If you’d asked an IT professional whether object storage is any good for databases, the answer over most of the past decade or so would have been a resounding “no”.
The response would have been pretty obvious because databases, especially in busy and mission-critical environments, are subject to a lot of changes from a lot of users, either simultaneously or almost simultaneously.
However, that “no” answer may have changed over the past few years to something more like a “maybe”.
With the rise of databases that use in-memory storage, IOPS are in plentiful supply close to compute, so it has become possible for object storage to be the site for bulk storage of datasets, with segments moved to memory during processing.
But does this constitute database operations using object storage?
SANs good for IOPS but capacity a bottleneck
For a couple of decades, SAN block access storage was the go-to for running databases and the enterprise applications built on them. IOPS was king, as potentially numerous I/O requests hit the database from client systems.
To cope, SANs got ever larger and more performant, with the eventual mainstream adoption of very quick – in IOPS terms – flash media. NetApp’s current advice on storage sizing for SAP HANA, for example, is in terms of (presumably on-site) SAS HDDs and flash capacity.
But while SANs can deliver in terms of IOPS – even if that becomes partially redundant as application databases go in-memory – they still have their limits, and that is in terms of scale.
Here, object storage excels. It cannot produce the kind of IOPS that a SAN can provide to database operations, but it can give throughput in large volumes.
There are two good reasons as to why that’s a big deal right now. One, for several years the volumes of data being analysed have grown ever larger. With block or file access storage starting to become unwieldy above 100TB, object storage looks like a good bet with its ability to scale to PBs.
At the same time, object storage has become the de facto storage mode for the cloud, adding to its prevalence both off-site and on-site. In addition, as part of the backdrop, we’ve seen the emergence of in-memory database-based applications such as SAP HANA delivered in the cloud.
A big benefit of cloud object storage is the low cost. On Amazon, for example, file or block storage can cost 10x more than object storage.
Object storage, S3 as bulk storage for databases, AI/ML
With the emergence of object storage, and in particular S3, we have seen the rise of its use as bulk storage that can be delivered to in-memory database work and for AI/ML analytics.
Alongside this trajectory has been the emergence of databases that will work with S3 (or S3-compatible storage) as a data store, such as MongoDB, CockroachDB, MariaDB and Teradata. Cloud data warehousing phenomenon Snowflake is also S3-based.
But we need to remember the limitations. SANs work well with databases because user requests are literally dipping into and reading, writing, and so on, to parts of files. Mechanisms exist to limit the potential for clashes between user requests.

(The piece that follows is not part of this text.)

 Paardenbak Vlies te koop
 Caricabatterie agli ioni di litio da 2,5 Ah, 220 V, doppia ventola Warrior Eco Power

Object storage cannot work in the same way as a data source for databases as files can, with blocks within that can be manipulated, but you can store data to much greater capacities in object storage.
The architecture for object storage and work with databases is different, with the latter staged to memory for working processes and then re-sent to the object backing store.
Does that make object storage more like an archive in these cases? Possibly, although suppliers such as Minio have taken on the challenge of providing rapid access to datasets stored in object storage for database and analytics use cases. Minio calls it “warm” storage, so it’s clearly not blisteringly quick in I/O terms and majors on throughput.
S3 Select – S3 meets SQL
The idea of very large object stores with the possibility of choosing the subset of data you want and working on that is the idea behind S3 Select. Here you use SQL query statements to filter the contents of a data store and just pull the data you want. This cuts data egress costs and gives you a smaller dataset and lower latency.
Results from S3 Select are available in CSV, JSON and Apache Parquet formats, and you can perform queries from the AWS console, command line or via APIs, meaning it’s quite possible to select data from S3 for analysis on faster, local compute.
It’s not really a database, however. And with data coming in specific formats, such as CSV and JSON, it will need some coding to wrangle it into your analysis tool of choice.
So, is object storage any good for databases?
The verdict is: it depends – or, not really.
Object storage can’t store databases in a way that provides multiple users with access consistent with atomicity, consistency, isolation, durability (ACID) principles. Object storage is out for use cases that would satisfy transactional processing needs. Object storage doesn’t have the I/O or the sub-file locking mechanisms to do this.
Object storage does, however, excel at storing large volumes of data, of which a subset can be downloaded – at potentially high rates of throughput – for retention on memory during local processing. These are the types of approaches pushed by the likes of Minio and possibly in use cases that use AWS S3 Select. But we’re mostly then talking about batch processing of data in analytics settings.